** EXERCISE OBJECTIVE **
Only the lines from the start of the entries through the line with "Broodtrommel blauw 1x" should be returned, each exactly as it stands, and no pictures.
------------------------------------------------------------------------
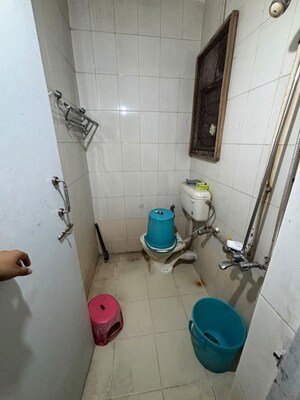 Bathroom in 1 BHK Apartment at Gods Heaven CHS, Powai – for Rent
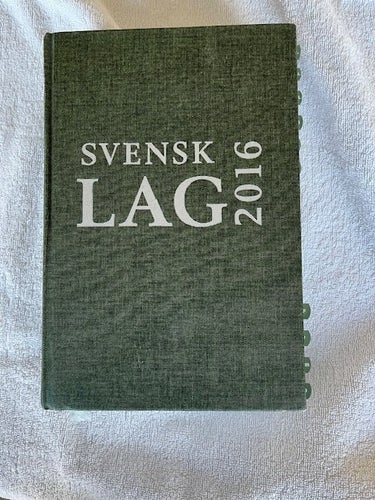 Svensk Lag 2016 av Henrik Lindblom och Kenneth Nordback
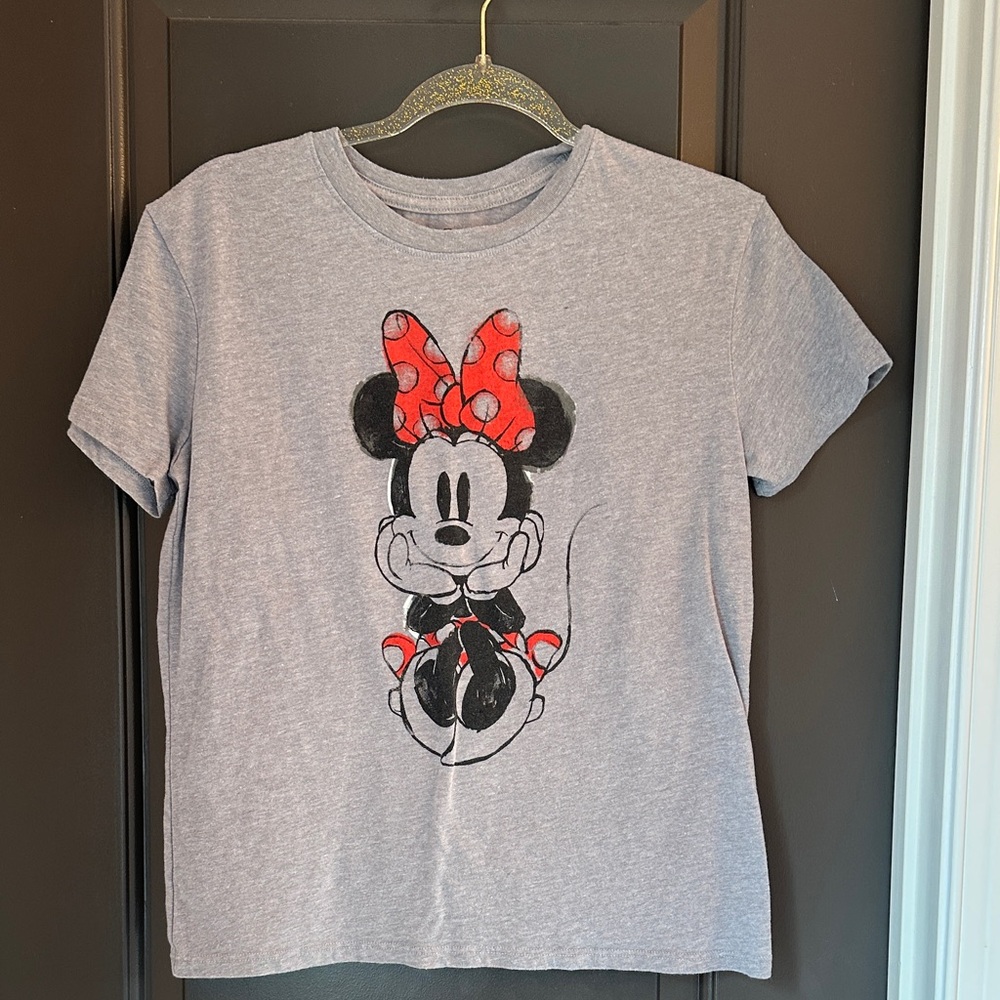 Disney Gray‎ Tee with Minnie Mouse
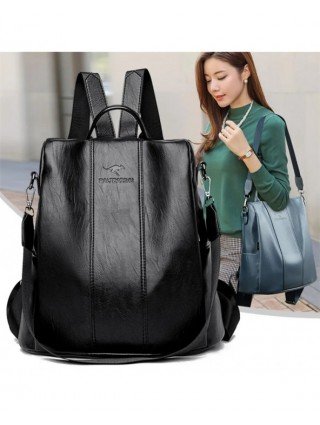 Leather backpack women shoulder bag ladies travel backpack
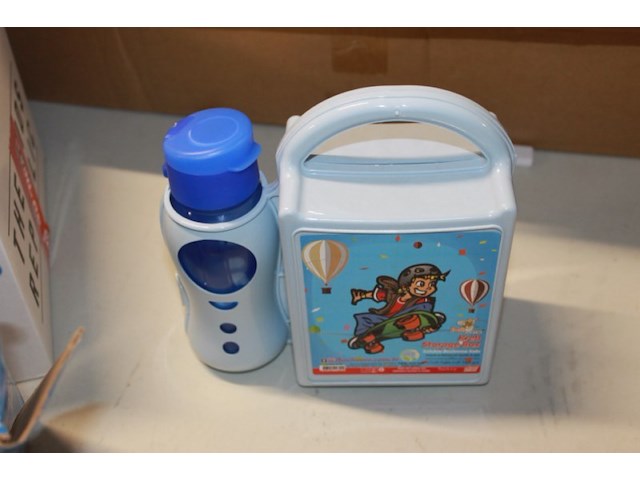 Broodtrommel blauw 1x in ds 2 - afbeelding 1 van  3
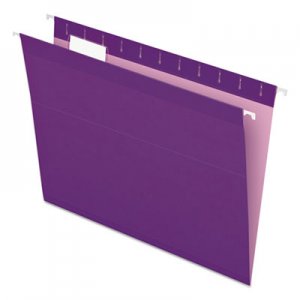 Pendaflex PFX415215VIO Colored Reinforced Hanging Folders, Letter Size, 1/5-Cut Tab, Violet, 25/Box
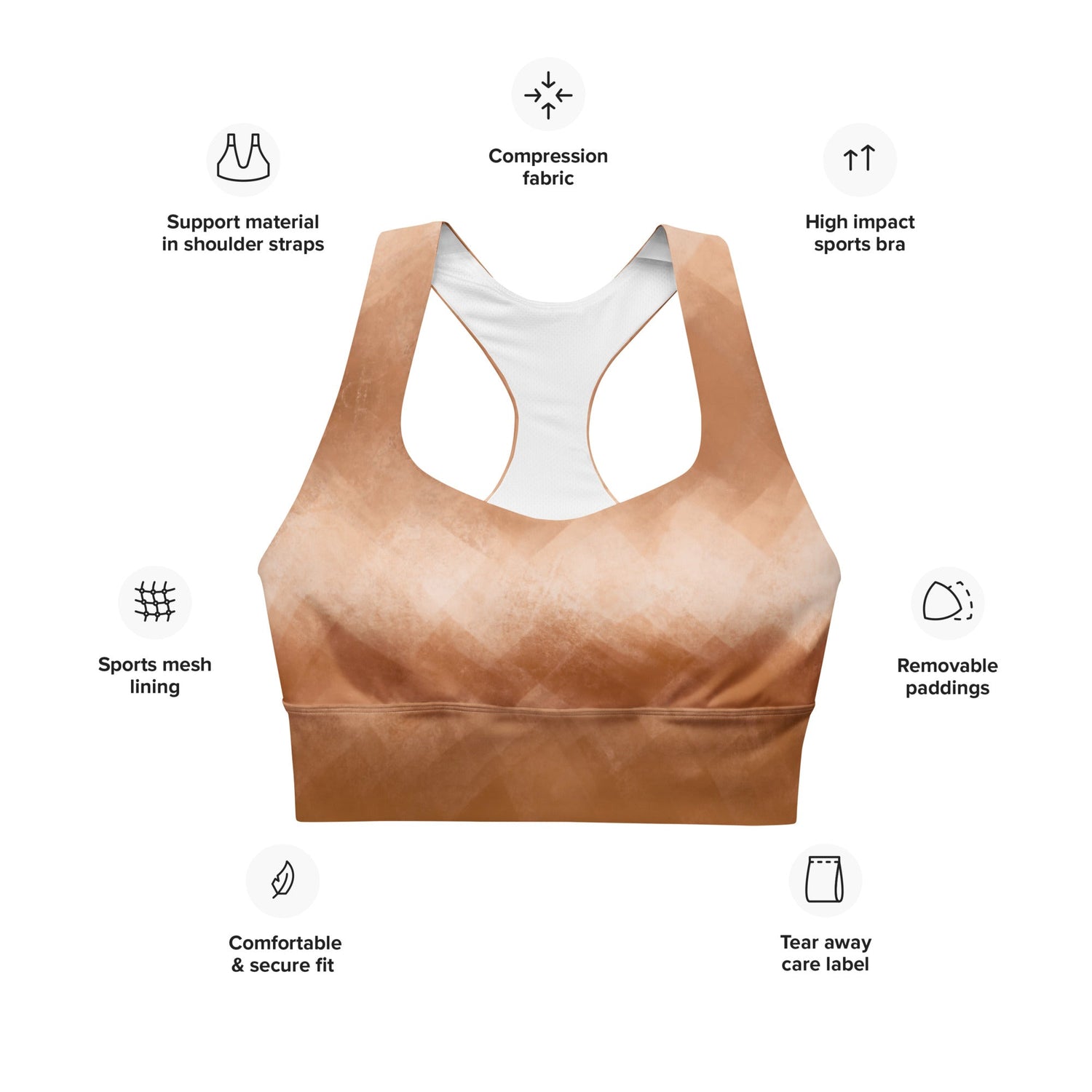 Sport - BH Longline | Chai Latte | Recycelt | Christine Wagner - Active Wear - Christine Wagner Studio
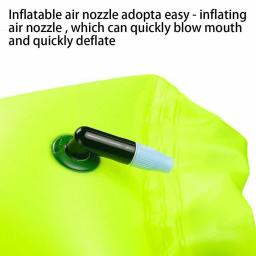 Bóia de natação aberta inflável, Saco seco do flutuador do reboque, Air Bag duplo com cinto, Armazenamento de esporte aquático, Segurança A4H4, 1Pc - Image 4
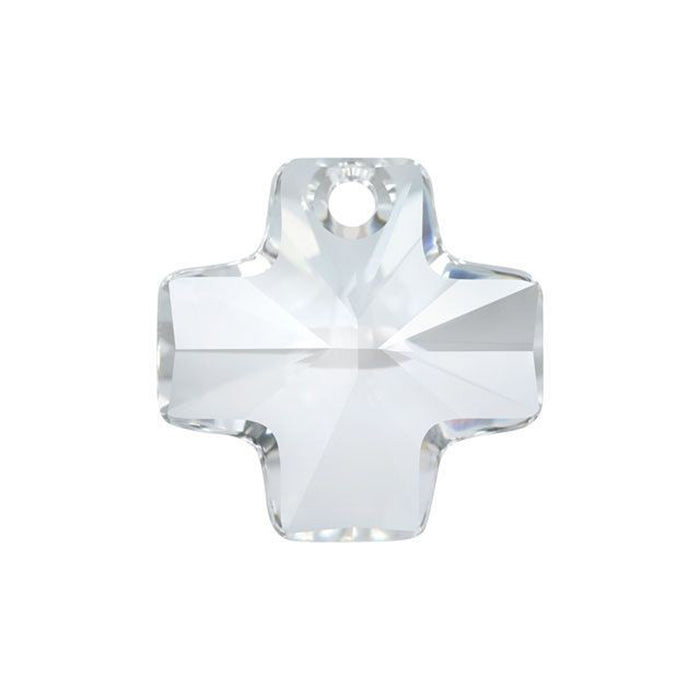 PRESTIGE Crystal, #6866 Cross Pendant 20mm, Crystal (1 Piece)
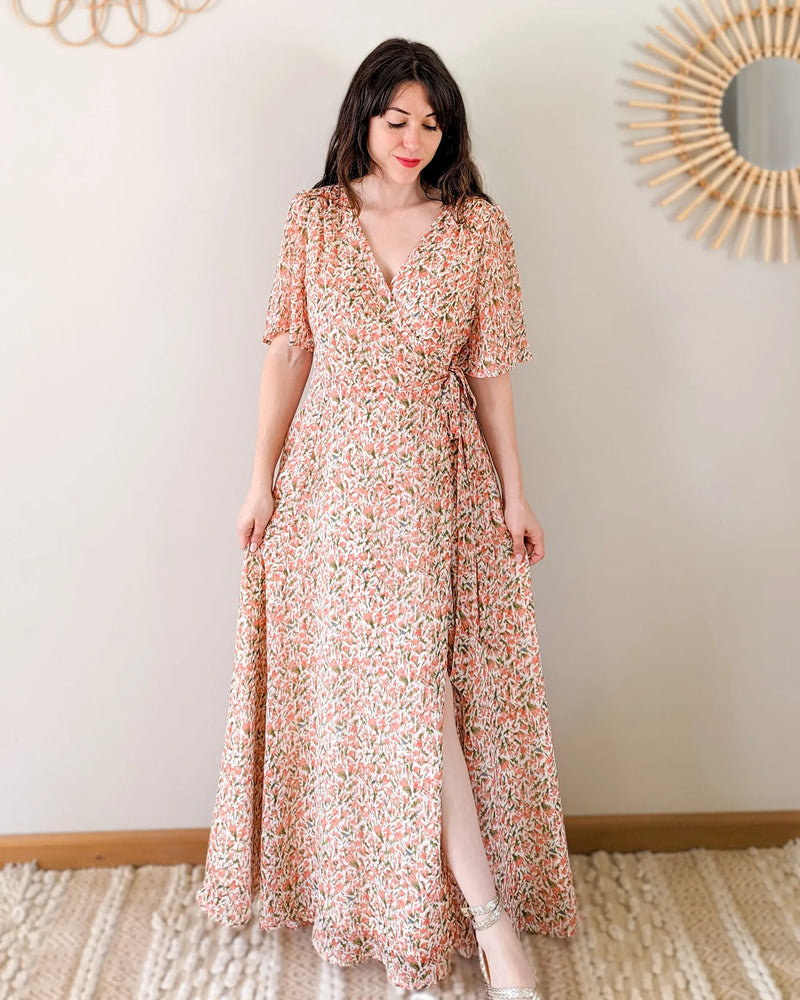 Robe Longue Fleurie - Mya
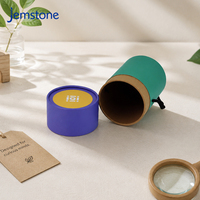Boîte en carton rigide ronde en kraft avec logo personnalisé, matériaux recyclables, kit éducatif pour enfants, emballage en papier cylindrique avec poignée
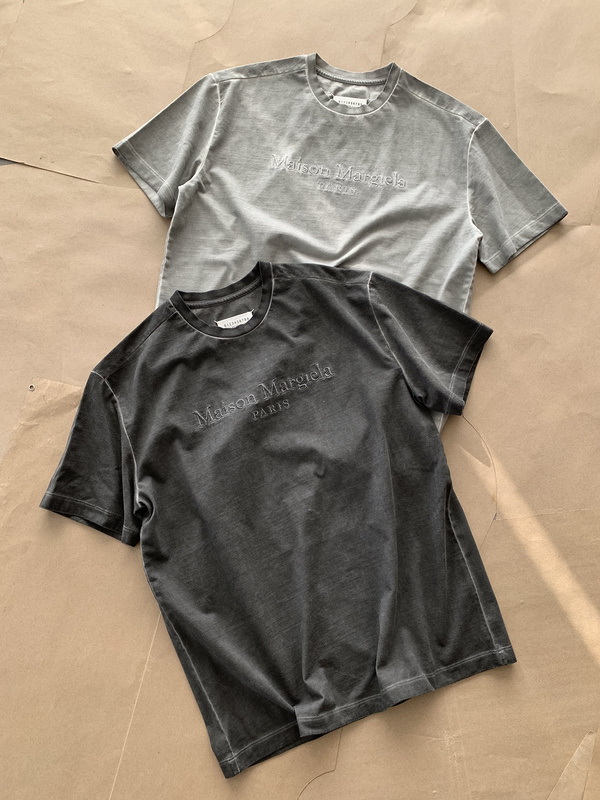 Футболка Maison Margiela Basic "Navy Grey" фото № 4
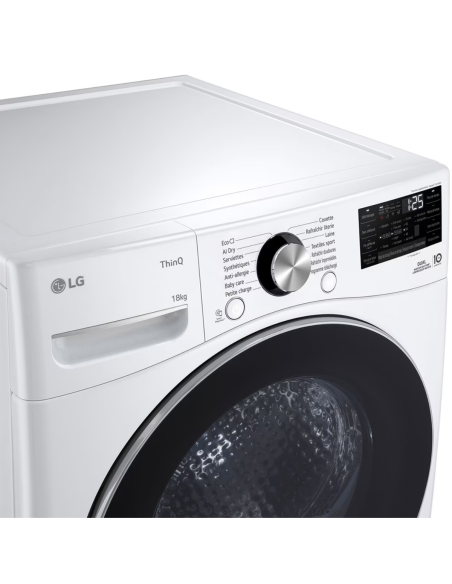 PACK LG Lave-linge Hublot 20kg + Sèche-linge Pompe à Chaleur 18kg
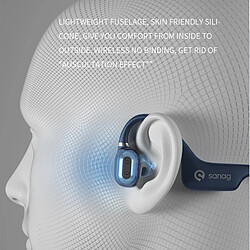 Acheter Universal Écouteurs sans fil Bluetooth Écouteurs à conduction osseuse Écouteurs stéréo Deux mains Bouchons d'oreille gratuits Sports extérieurs Bouchons d'oreille imperméables avec microphone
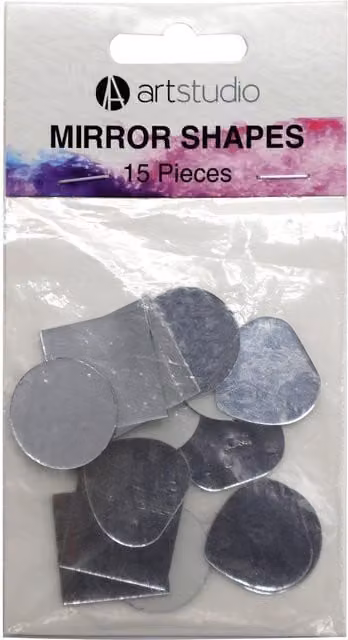Art Studio 15 Piece Mirror Shapes in Silver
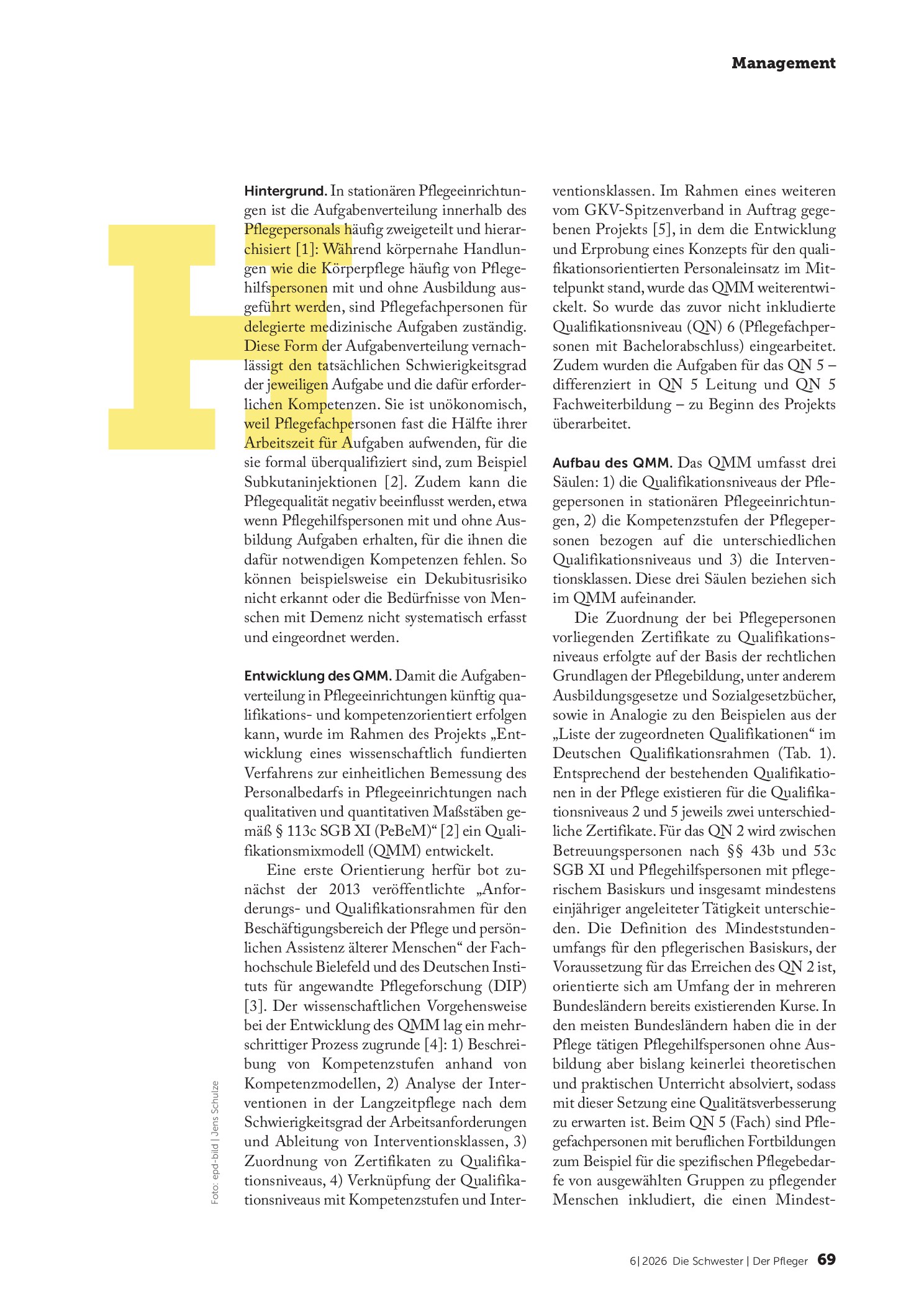 Vorschauseite 2: Qualifikationsmixmodell für die Langzeitpflege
------------------------------------------------------------------------
** TASK SOLUTION **
 Bathroom in 1 BHK Apartment at Gods Heaven CHS, Powai – for Rent
 Svensk Lag 2016 av Henrik Lindblom och Kenneth Nordback
 Disney Gray‎ Tee with Minnie Mouse
 Leather backpack women shoulder bag ladies travel backpack
 Broodtrommel blauw 1x in ds 2 - afbeelding 1 van  3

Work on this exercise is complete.